**SUPPLIED INFORMATION:**
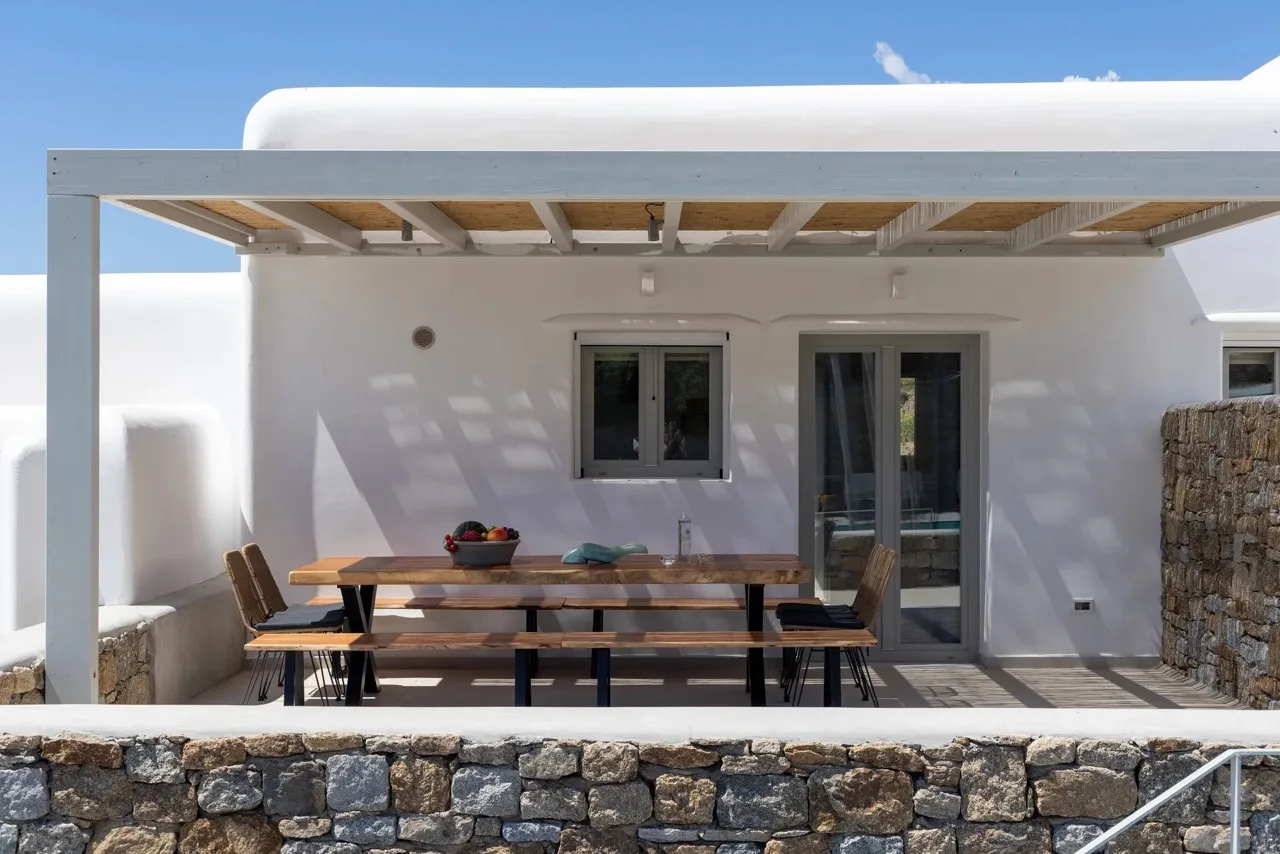 A shaded outdoor dining area with a wooden table beside a white building.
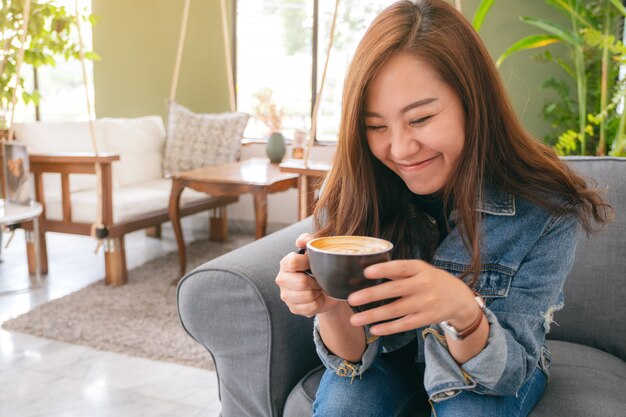 belle femme asiatique tenant et boire du café chaud avec un sentiment de bonheur au café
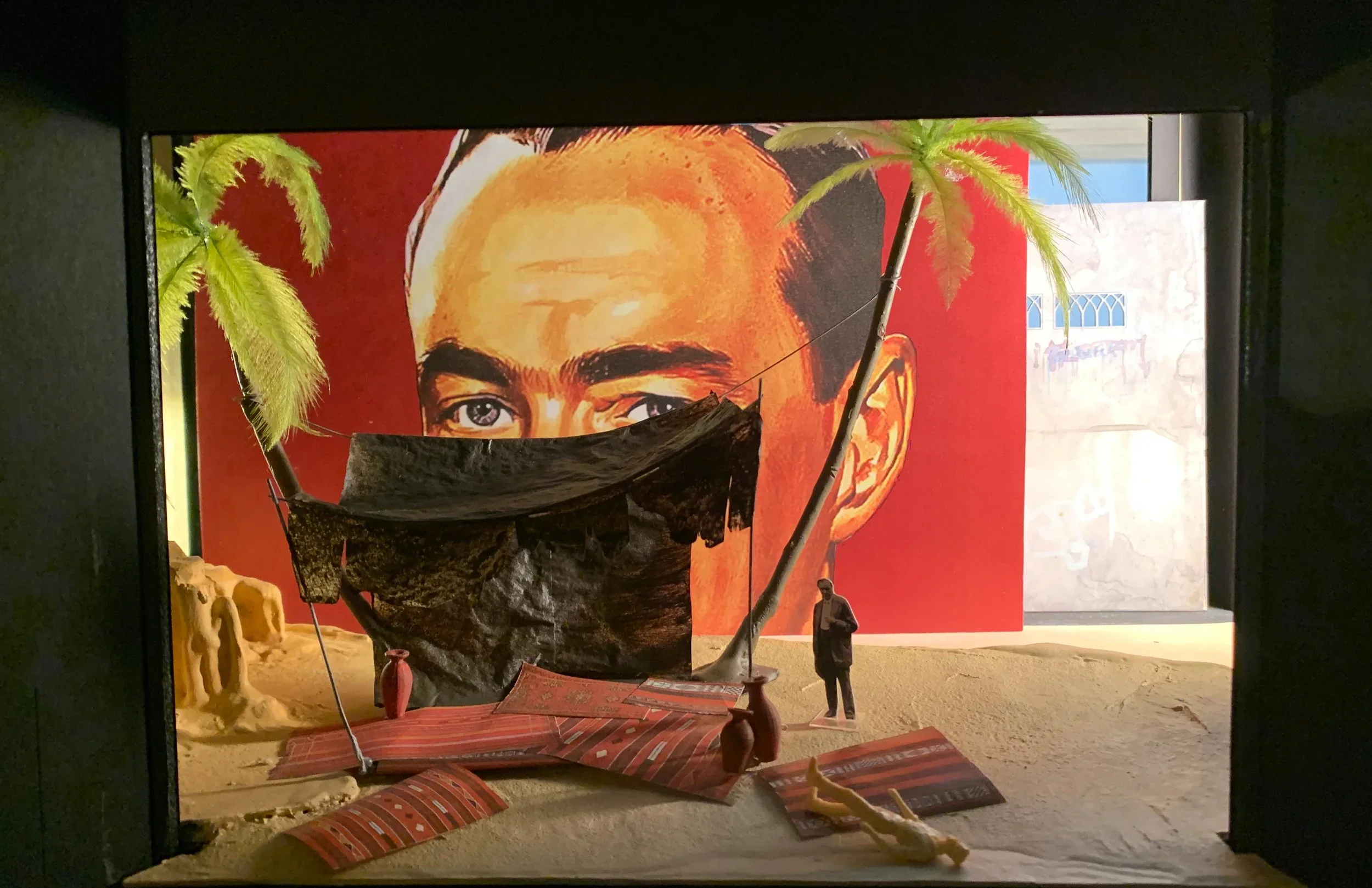 A giant face painted on the back wall peers over a makeshift tent strung between palm trees. Red rugs are strewn on the sand floor. One figure stands in the background, looking at another figure lying in the foreground.
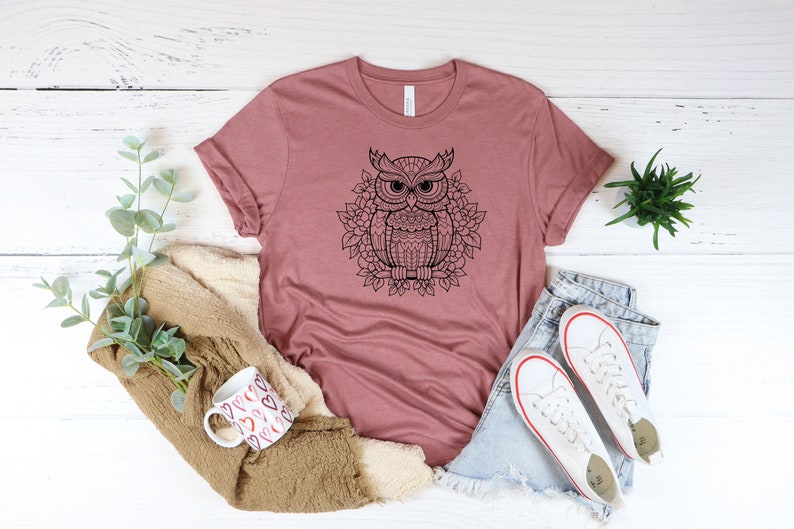Puede incluir: Una camiseta color malva con un gr&aacute;fico en blanco y negro de un b&uacute;ho con detalles intrincados. El b&uacute;ho est&aacute; rodeado de un dise&ntilde;o floral.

**WHAT THE EXERCISE ASKS:**
Word for word, restate the lines from the one containing "A giant face" through the end of the listing, and nothing more. Skip the pictures.

**TASK RESPONSE:**
 A giant face painted on the back wall peers over a makeshift tent strung between palm trees. Red rugs are strewn on the sand floor. One figure stands in the background, looking at another figure lying in the foreground.
Puede incluir: Una camiseta color malva con un gr&aacute;fico en blanco y negro de un b&uacute;ho con detalles intrincados. El b&uacute;ho est&aacute; rodeado de un dise&ntilde;o floral.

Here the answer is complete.